We wanted to examine how we could stop these stunning garments from going to waste when they were no longer wearable, which spawned our Upcycled collections.
One of the biggest ethical dilemmas we face is vintage fur: does selling it advocate for and promote the use of real fur? In my opinion, no. Vintage fur was used at a time when synthetic alternatives were not available. I don’t support today’s fashion companies using fur but I don’t feel that reappropriating vintage fur items is a bad thing – after all, these would be sent to the landfill if we aren’t going to wear them.
What are your top vintage fashion trend predictions for 2018?

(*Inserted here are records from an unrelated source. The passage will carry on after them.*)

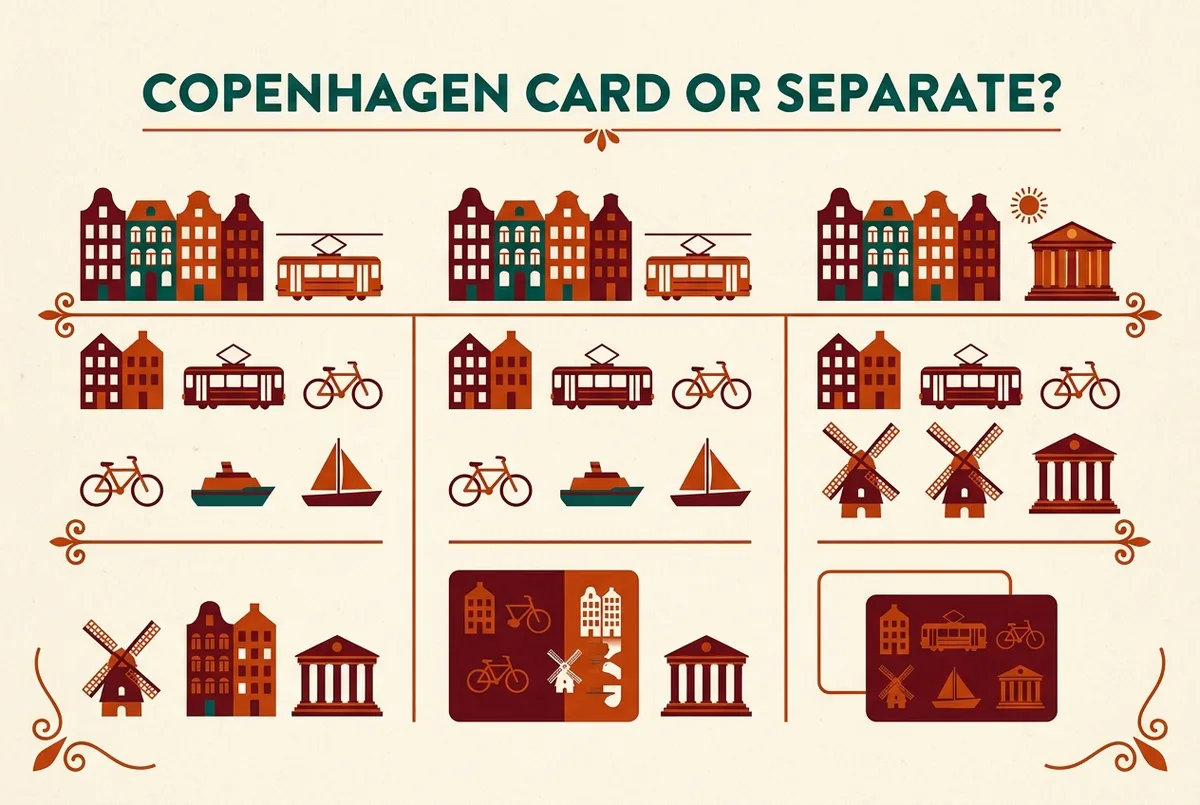 Simple infographic comparing the cost of paying separately versus a Copenhagen Card across a light, medium and heavy sightseeing day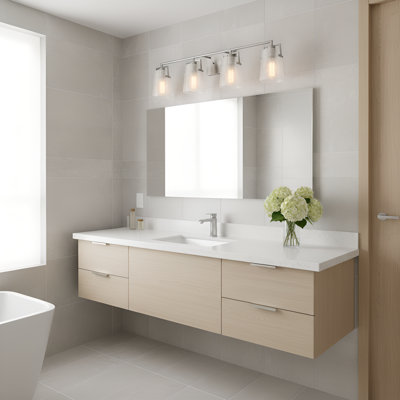 Applique murale de salle de bain 4 lumières Crofton au fini nickel brossé avec abat-jour en verre transparent craquelé
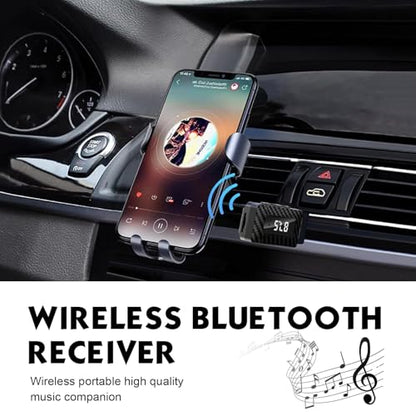 Car USB Bluetooth Receiver, HD LED Display FM Transmitter Audio Adapter, DC 5V Plug and Play Adjustable Frequency Bluetooth Receiver with AUV Connector, for Most Cars Home (Black)
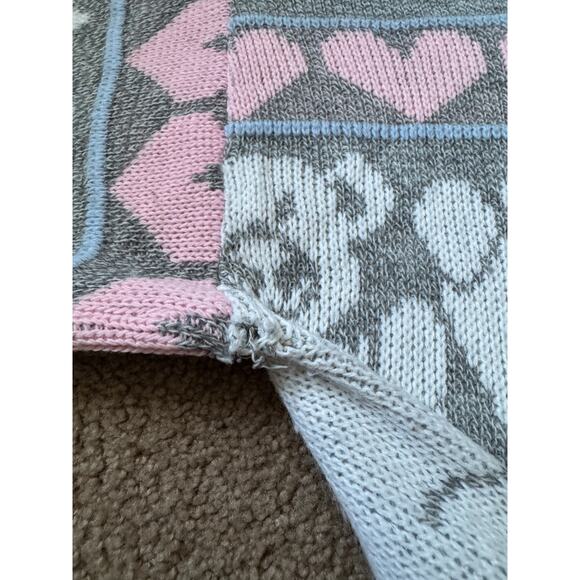 Vintage Arielle Teddy Bear Sweater Pastel Retro Kawaii Y2K Fair Isle Made in USA - Picture 6 of 8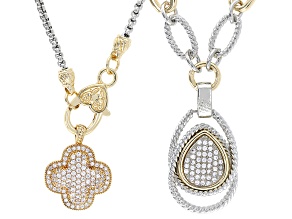 Cubic Zirconia Two-Tone Necklace Set of 2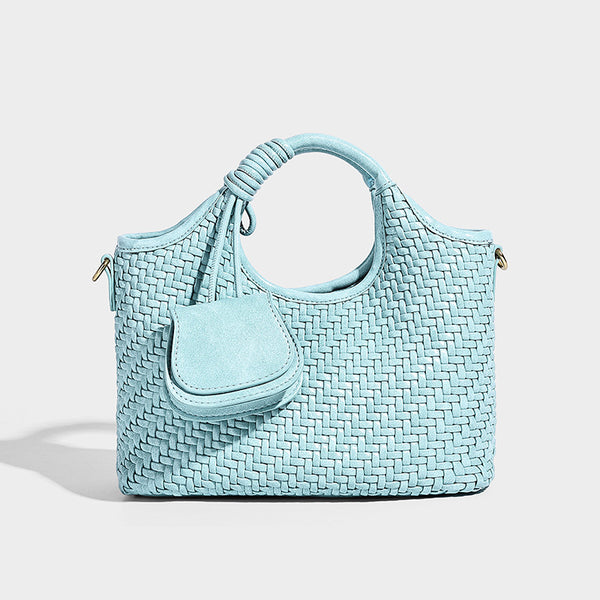 Woven texture tote bag with knotted top handles, attached front mini pouch, and gold-tone hardware, detail view 12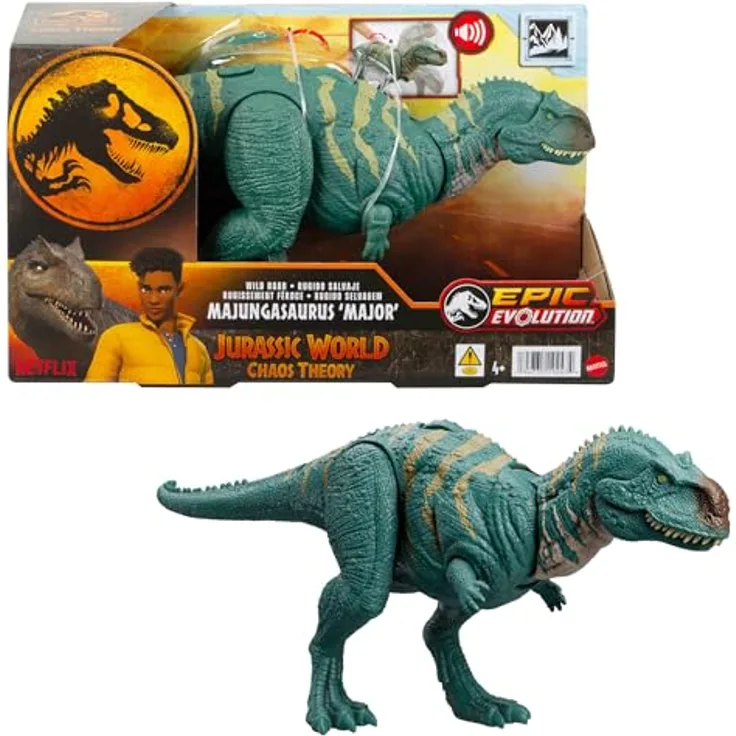 Mattel Jurassic World Wild Roar Majungasaurus, bewegliche Dinosaurierfigur mit Beiß-Angriff und App-Zugang, 33 cm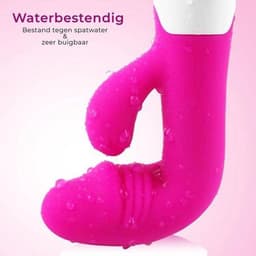 Erodit® Tarzan dildo vibrator -Bunny Vibrator-Geribbelde eikel stimulatie clitoris- g-spot - Anaal vibrators voor mannen- vibrators voor vrouwen -Zwart, 19,5 cm- incl batterij- Sex toys- Erotiek- Seksspeeltjes voor koppels — thumbnail 9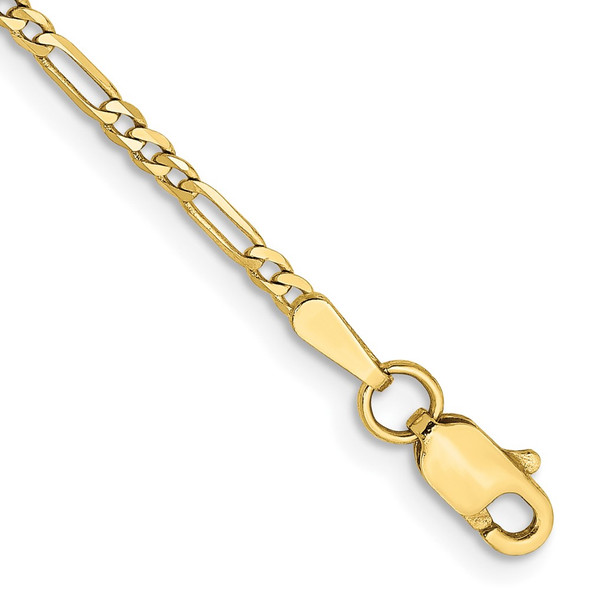 9" 10k Yellow Gold 1.75mm Flat Figaro Chain Anklet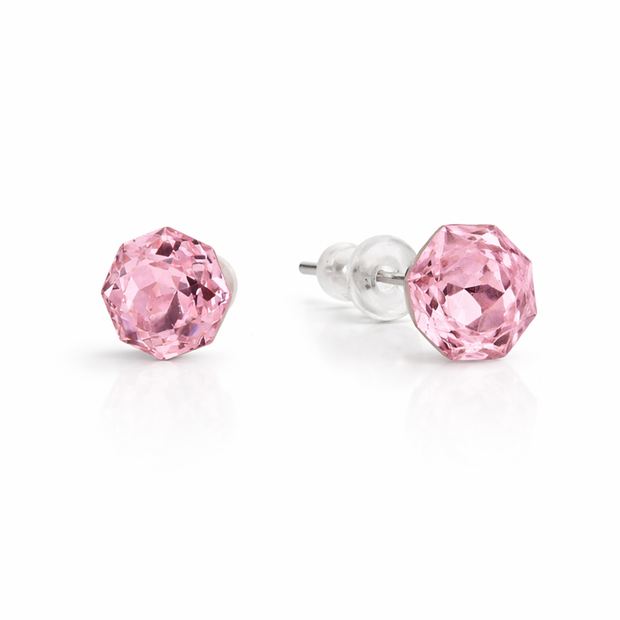 Solitaire Crystal Stud Earrings — 6-Colour Capsule - Rose pink
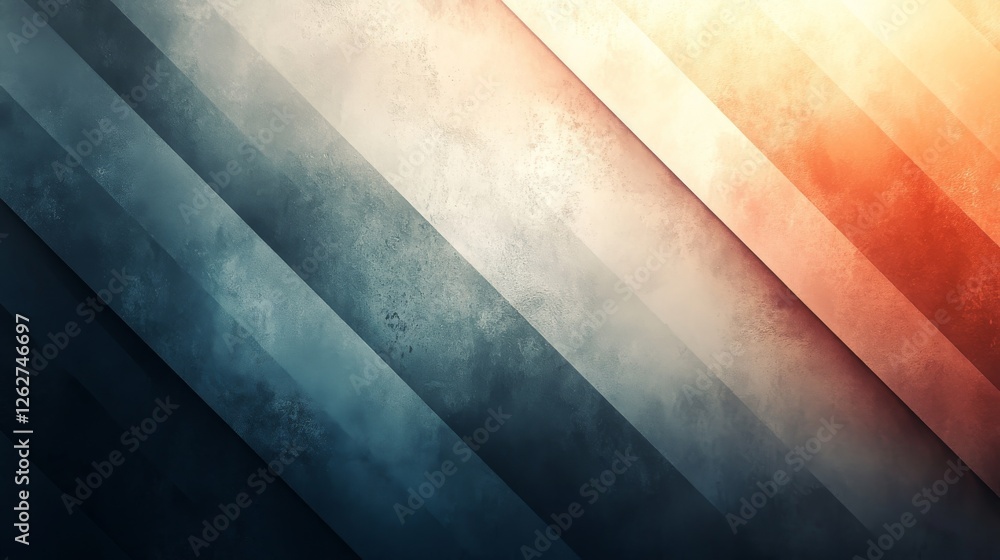 Poster abstract background features diagonal stripes of varying warm and cool colors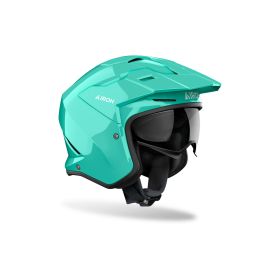 Casque Jet Trial AIROH Kombakt Vert D'Eau Brillant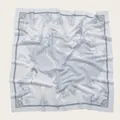 Elegant white square voile scarf featuring blue floral print and geometric pattern details - 110X110CM / White & Grey Blue Floral (47#)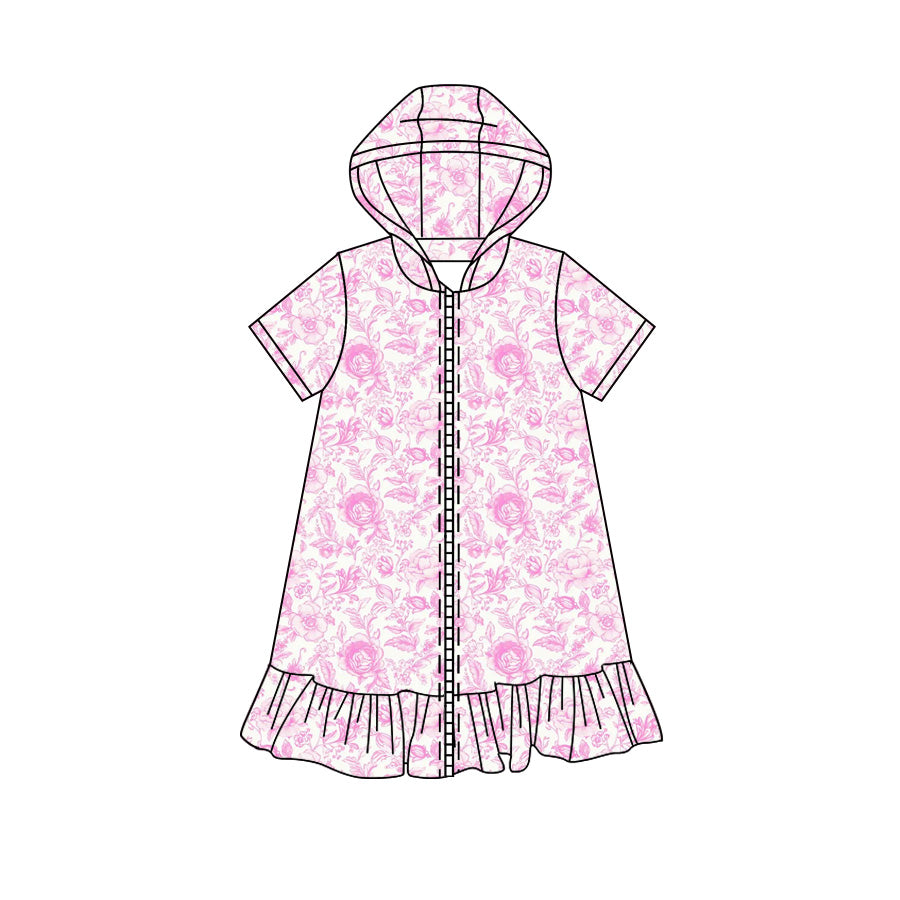 Preorder moq 5 Baby Girls Short Sleeve Pink Flowers Fall Zip Ruffle Knee Length Dresses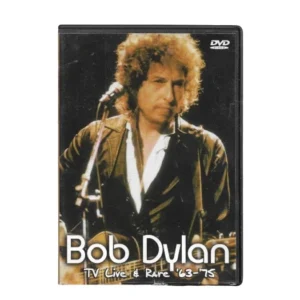 DVD-Cover „Bob Dylan – TV Live & Rare 1963–1975“ mit Schwarz-Weiß-Porträt des Musikers und typischem Retro-Design. Enthält rare Fernsehauftritte und Live-Mitschnitte aus den frühen Jahren seiner Karriere. Musik-Dokumentation im Stil der 60er und 70er Jahre.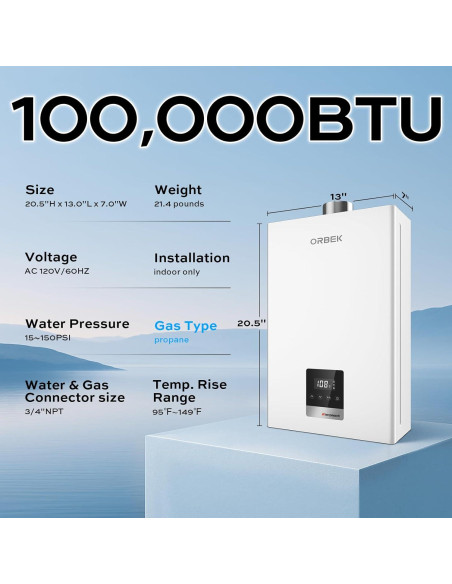 Calentador de Agua Sin Tanque a Gas Propano Orbek 100,000 BTU 4.3 GPM
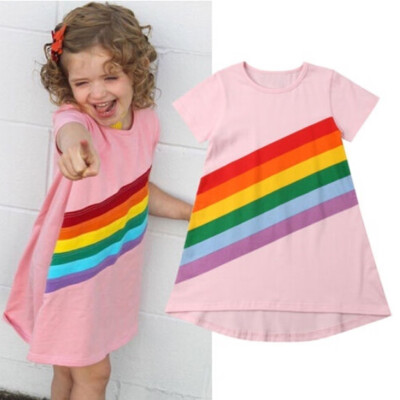 

Toddler Kids Baby Girls Summer Dress Rainbow Stripe Print Princess Party Dresses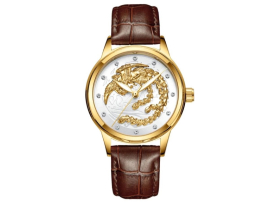 3D Dial Leather Watch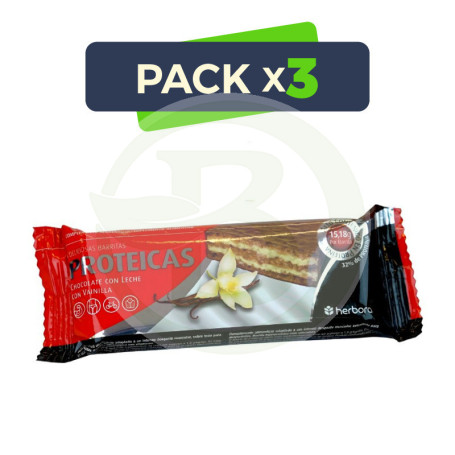 Pack 3x Barrita Proteicas Vainilla 47Gr. Herbora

2018 is going to be a fun year for fashion. Doom and gloom in politics often results in novelty and vibrancy in the fashion world – and this seems set to continue.
1980s velvet will be around for the second half of the year, in rich jewel-toned colours.
1950s-1960s floral prints that are delicate and colourful will make an appearance during the warmer months and be paired with corduroy and autumnal denim separates.
Statement belts – which were everywhere in the late 1980s and early 1990s – are also set for a comeback – big, metallic buckles over a classical day dress will be a great way to blend two eras
Are there vintage gems worth investing in?
So many! Certain designers will hold their value almost indefinitely: Chanel, Hermes, Pucci, Leonard Paris.
In terms of specific garments, I think everyone should have an elegant vintage coat (they were made to last, and made to be extremely warm so they’re both practical and pretty).
A vintage day dress (midi length, with a button-down front) is an item that will take you from work to cocktail do effortlessly.
Finally, having some fun vintage costume jewellery is a great way to update your outfits without breaking the bank. I personally hoard chunky chandelier earrings which I can add to any outfit to make it party-ready!
Your top tips for carrying off a retro inspired look?
- Don’t assume you have to stick to a period. Wearing everything 1950s can look dated – instead, blend vintage with modern to create a look that is entirely new!
- Pair a floaty dress with a puffy jacket and chunky heels for the ultimate street style look.
- Tuck a slogan t-shirt into a sleek vintage pencil skirt – classy meets casual!
- The trend for Chinoiserie and metallic embroidery looks fantastic with simple velvet separates – shop 1980s and 1990s ‘grunge’ style items and pair them with the classically elegant motifs to create something that’s wearable for your everyday.
And your favourite vintage fashion find ever?
I found a Leonard Paris leopard print midi dress at a sale held at Northumbria University – Leonard is a very rare designer to come across and it cost me all of £10!